• [Task objective]: Each line from the one containing "Tailgate Door Handle" through the last line of the data below should be printed exactly, please, with any pictures omitted.

• [Dataset content]:

=== Section Start ===

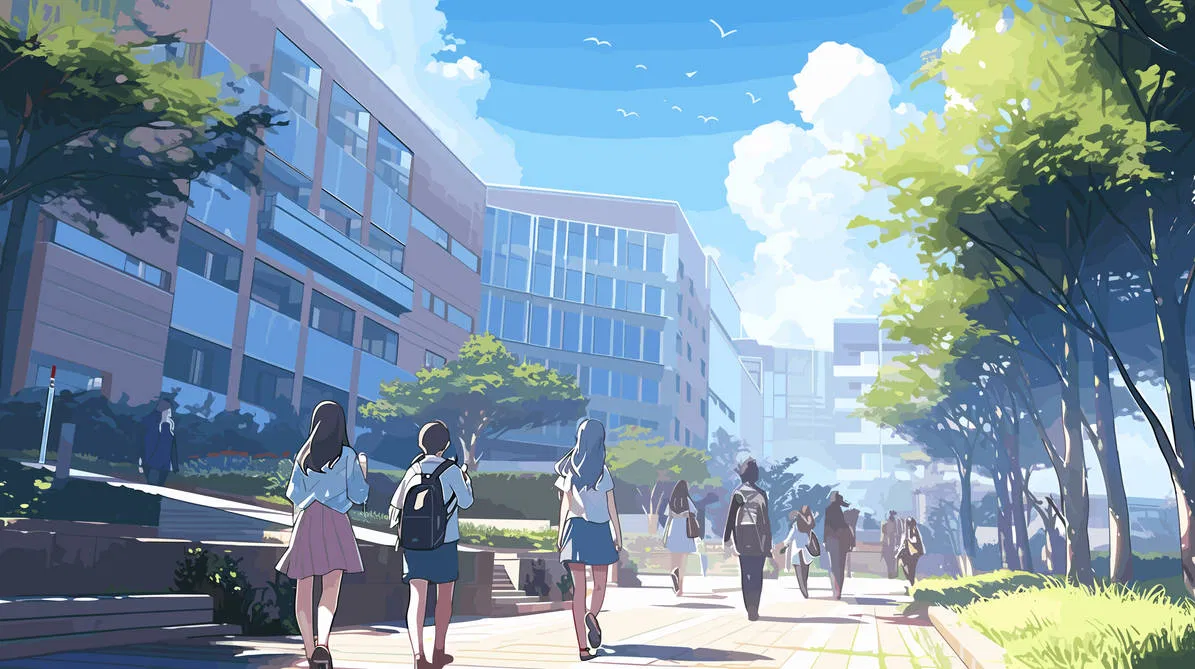 Avatar of School RPG 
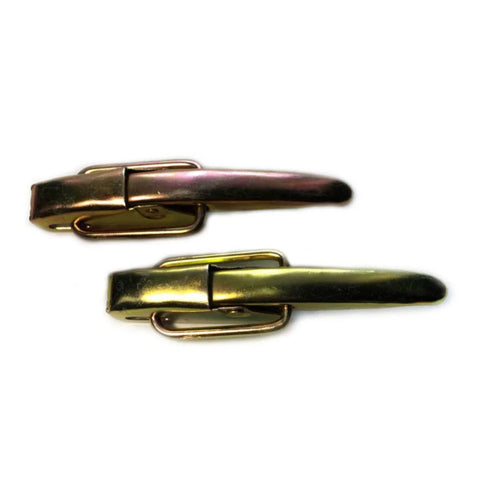 Tailgate Door Handle Latch Pair Fits Toyota Hilux RN20 RN25 UTE Pickup 1972-78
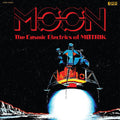 Motrik - Moon: The Cosmic Electrics Of Motrik (Bone & Grey Vinyl) (New Vinyl)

=== Section End ===

• [The answer]:
 Tailgate Door Handle Latch Pair Fits Toyota Hilux RN20 RN25 UTE Pickup 1972-78
 Motrik - Moon: The Cosmic Electrics Of Motrik (Bone & Grey Vinyl) (New Vinyl)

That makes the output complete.